In short. We follow a mixture of people. With no singular direction in mind.

  • We follow bad-content people and good-content people. ( High quality vs Low quality)

  • And irrelevant content people. (Quality doesn't matter. Their content doesn't align with our goal.)

  • Too many people. And the quantity overwhelms us. (Too many posts to consume.) This then forces us to use the For you recommendation algo which pushes entertaining garbage on us.

What do we want?

To get better feed we need to get to the great value zone.

We get there by

  • limiting the number of people we follow

  • by following the right people in accordance with our goal/direction.

This is so that we can go through their posts in a reasonable amount of time. (for me it's 30 minutes a day maximum).

In other words. We want to follow a small amount of high-value-added people.

To be able to do this we have to switch to the chronological timeline to bypass the Twitter algorithm (which is working against us)

How do we get there?

It's like when you know you need to clean your room overflowing with clothes. The hardest thing is not knowing what you need to do, but to actually do it. To actually throw the clothes out. And do it in a way it doesn't grow back in the future.

When we want to throw out something the little voice in the back of our heads says. "Maybe you'll wear this sometime in the future. Maybe you'll need to keep this if you ever wanted to do x or y..." And then we don't throw it out. And we keep it.

This way we get rid of a small amount of your clothes with lots of effort. And nothing prevents us from buying more clothes we won't need in the future again.

So how do we throw the clothes out? We trick ourselves and our inner voice!

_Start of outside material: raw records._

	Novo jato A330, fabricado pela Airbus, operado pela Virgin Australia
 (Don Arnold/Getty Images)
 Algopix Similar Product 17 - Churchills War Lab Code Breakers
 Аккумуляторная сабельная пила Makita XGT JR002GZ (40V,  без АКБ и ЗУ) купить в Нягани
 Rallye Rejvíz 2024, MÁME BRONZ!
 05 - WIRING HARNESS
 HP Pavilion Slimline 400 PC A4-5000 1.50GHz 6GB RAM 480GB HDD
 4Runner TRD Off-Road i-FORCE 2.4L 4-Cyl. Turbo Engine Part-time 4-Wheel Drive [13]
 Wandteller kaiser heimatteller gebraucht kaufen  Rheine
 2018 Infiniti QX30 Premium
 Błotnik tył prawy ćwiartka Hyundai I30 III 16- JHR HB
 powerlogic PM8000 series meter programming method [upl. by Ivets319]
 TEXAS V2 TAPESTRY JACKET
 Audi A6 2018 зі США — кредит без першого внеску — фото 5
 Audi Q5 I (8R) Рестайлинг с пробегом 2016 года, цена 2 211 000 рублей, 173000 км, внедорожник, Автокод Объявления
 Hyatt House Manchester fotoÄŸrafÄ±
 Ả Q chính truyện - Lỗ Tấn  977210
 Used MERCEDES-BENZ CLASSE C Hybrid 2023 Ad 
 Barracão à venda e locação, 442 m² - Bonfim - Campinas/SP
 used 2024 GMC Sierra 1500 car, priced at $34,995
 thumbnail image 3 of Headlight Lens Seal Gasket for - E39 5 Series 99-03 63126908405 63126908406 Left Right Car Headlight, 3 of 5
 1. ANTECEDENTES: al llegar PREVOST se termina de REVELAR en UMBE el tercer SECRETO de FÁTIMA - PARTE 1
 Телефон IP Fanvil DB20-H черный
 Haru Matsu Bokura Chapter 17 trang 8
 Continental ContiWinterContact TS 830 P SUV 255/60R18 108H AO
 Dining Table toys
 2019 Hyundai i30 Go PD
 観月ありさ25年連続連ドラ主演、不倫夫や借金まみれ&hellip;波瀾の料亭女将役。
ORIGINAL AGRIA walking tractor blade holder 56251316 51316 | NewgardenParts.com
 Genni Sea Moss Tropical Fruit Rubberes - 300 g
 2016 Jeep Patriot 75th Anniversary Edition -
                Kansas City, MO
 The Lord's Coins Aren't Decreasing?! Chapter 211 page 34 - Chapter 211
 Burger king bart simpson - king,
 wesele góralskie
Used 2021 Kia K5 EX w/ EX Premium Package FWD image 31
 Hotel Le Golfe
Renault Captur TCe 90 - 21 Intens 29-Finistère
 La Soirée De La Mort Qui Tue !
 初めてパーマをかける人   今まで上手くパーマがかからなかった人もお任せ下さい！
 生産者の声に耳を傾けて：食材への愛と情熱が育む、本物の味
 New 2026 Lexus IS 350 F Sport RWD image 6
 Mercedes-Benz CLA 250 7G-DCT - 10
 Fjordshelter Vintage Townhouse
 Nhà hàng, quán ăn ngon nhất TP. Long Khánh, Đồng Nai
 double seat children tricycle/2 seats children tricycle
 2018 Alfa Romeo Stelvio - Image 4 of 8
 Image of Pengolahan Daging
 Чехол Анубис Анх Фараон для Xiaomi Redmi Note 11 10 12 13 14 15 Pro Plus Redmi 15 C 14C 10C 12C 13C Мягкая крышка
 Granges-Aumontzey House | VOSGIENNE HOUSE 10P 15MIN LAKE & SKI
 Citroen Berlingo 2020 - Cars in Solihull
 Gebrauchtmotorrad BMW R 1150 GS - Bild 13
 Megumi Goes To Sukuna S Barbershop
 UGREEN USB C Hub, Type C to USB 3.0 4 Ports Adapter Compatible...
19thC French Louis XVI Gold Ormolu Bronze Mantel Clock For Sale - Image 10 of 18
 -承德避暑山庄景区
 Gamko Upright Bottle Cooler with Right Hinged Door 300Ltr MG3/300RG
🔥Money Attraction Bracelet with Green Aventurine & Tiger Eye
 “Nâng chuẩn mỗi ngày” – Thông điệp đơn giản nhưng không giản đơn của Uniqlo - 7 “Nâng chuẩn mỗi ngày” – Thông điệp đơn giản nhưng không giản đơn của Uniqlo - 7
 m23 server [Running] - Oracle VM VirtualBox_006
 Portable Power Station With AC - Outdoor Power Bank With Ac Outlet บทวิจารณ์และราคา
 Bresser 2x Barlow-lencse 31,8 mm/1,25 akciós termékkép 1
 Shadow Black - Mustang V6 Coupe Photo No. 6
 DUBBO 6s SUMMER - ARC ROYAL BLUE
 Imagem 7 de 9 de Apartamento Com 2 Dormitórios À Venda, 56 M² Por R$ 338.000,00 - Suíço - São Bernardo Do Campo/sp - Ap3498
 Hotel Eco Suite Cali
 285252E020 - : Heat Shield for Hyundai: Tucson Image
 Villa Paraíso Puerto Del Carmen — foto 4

We put all the clothes we haven't worn for a year in a box. We place the box in the basement. Then if we really need something we go to the basement and take it from the box. This though almost never happens. We know deep inside, that the clothes in the box will never be used again. Then after a year or 2, we lose all the emotional attachment to it and we can throw it out.

Our closet has a limited space and so does our brain. And cleaning our minds is to clean the content we consume.

But enough of philosophy.

Bro, Twitter ain't no clothes. System for Twitter

The easiest way to clean Twitter is to torch our account. But then we'd lose all the history and contacts... There must be a better way.

  • We unfollow the obviously non-value-adding following.

  • We create a secondary account. There we put the accounts (followings) we're not sure we should keep following. It's important that we don't use just the Lists feature (We want to create a mental and UX barrier to not go there much). The second account is our box in the basement.

  • Are you unsure whether the account brings value or not? Move it to the secondary account

    • We go to the account of the tweet and check other tweets it has. Then either decide whether the account has some value for us, or not.

      • If not we unfollow the account.

      • If we remain unsure we move it to the secondary Twitter account.

    • This can take some time if our following is huge. So we do it in stretches.

    • And also we do it while browsing Twitter. Whenever we see a non-value-adding tweet.

  • We go to the secondary account from time to time and check whether they post bad-quality stuff or not. If it feels like it gives you nothing valuable, unfollow. This makes it easier to unfollow it with no regret.

  • We apply the same logic when we want to start following new people. The best way is to never add anyone whose content doesn't align with our goal.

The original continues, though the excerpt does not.